そもそも自分の頭の中では、税額は「みなし」か「本当」かの2択でしかなかった。免税事業者の見なし10%か、そうでない本当の税額か、という区別さえ付けばいいと思っていて、「本当」の内側にどんな根拠があるかまでは考えていなかった。でもよく考えると、同じ「本当」の中にも
- 税込総額と
tax_typeから、内部的に按分計算して求めた - ユーザーが税額を明示的に入力した
tax_typeはあるが税額そのものは渡されておらず、内部の既定値(0円)に任せた
という違う出どころが混ざっていて、これを区別せずに保存すると、あとから「この税額は本当にユーザーが入力した通りなのか、それとも自動で埋まった値なのか」がトレースできなくなる。ここまで気づいて、tax_typeの由来ではなくtax_amountの算出根拠を持つ方が筋が良いと考え、tax_type_sourceではなくtax_amount_sourceという形に切り替えた。
3つの区分
user_input: ユーザーがtax_amountを明示指定したdefaulted:tax_typeはあるがtax_amountを渡しておらず、内部の既定値(0円)で補完したcomputed_from_gross:gross_amountとtax_typeからnet_amount・tax_amountを計算した
まずは小さく始めることにして、この3つだけにした。この整理の良かったところは、課税事業者の通常入力にとても素直に対応できる点。税込入力ならcomputed_from_gross、税額を明示したならuser_input、税額を渡さず0円で補完されたならdefaultedと表現できる。
TransactionRegistrar::prepareJournalEntry()の中で、gross_amountが渡された行は問答無用でcomputed_from_grossになる。gross_amountを経由しない、net_amount/tax_amountを直接渡すパスだけ、withTaxAmountSource()というヘルパーでuser_inputかdefaultedかを振り分ける。
$entry['tax_amount_source'] = array_key_exists('tax_amount', $entry)

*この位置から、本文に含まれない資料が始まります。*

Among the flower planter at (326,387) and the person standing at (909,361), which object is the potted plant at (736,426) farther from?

? JournalEntry::TAX_AMOUNT_SOURCE_USER_INPUT
: JournalEntry::TAX_AMOUNT_SOURCE_DEFAULTED;
tax_typeが渡されていない行(そもそも消費税を扱わない行)ではtax_amount_source自体を持たせない。すべての行に無理やり値を入れると、「値があること」自体の意味が薄れてしまうため。
家事按分との組み合わせ
按分が絡む行(事業分・家事分に分割される行)も、分割前にcomputed_from_grossを確定させてから、事業分・家事分それぞれの新しい仕訳データに同じtax_amount_sourceを持たせている。按分の有無で根拠の意味が変わるわけではないので、単純にコピーするだけで済んだ。
スコープ外にしたこと
免税事業者の「課税だった場合のシミュレーション」のような意味は、computed_from_grossだけでは表しきれないこともはっきりした。これは算出方法ではなく、用途や前提の問題だから。その意味づけが必要になったら、is_tax_simulatedのような別軸のフラグとして持つべきで、tax_amount_sourceに混ぜ込むと後で両方の軸での場合分けが必要になったときに破綻する。
振り返ると、tax_typeは「分類」、tax_amount_sourceは「算出根拠」と役割を分けたのが大きかった。ここを分けたことで、税区分の意味と内部計算の履歴が、ようやく整理され始めた感じがする。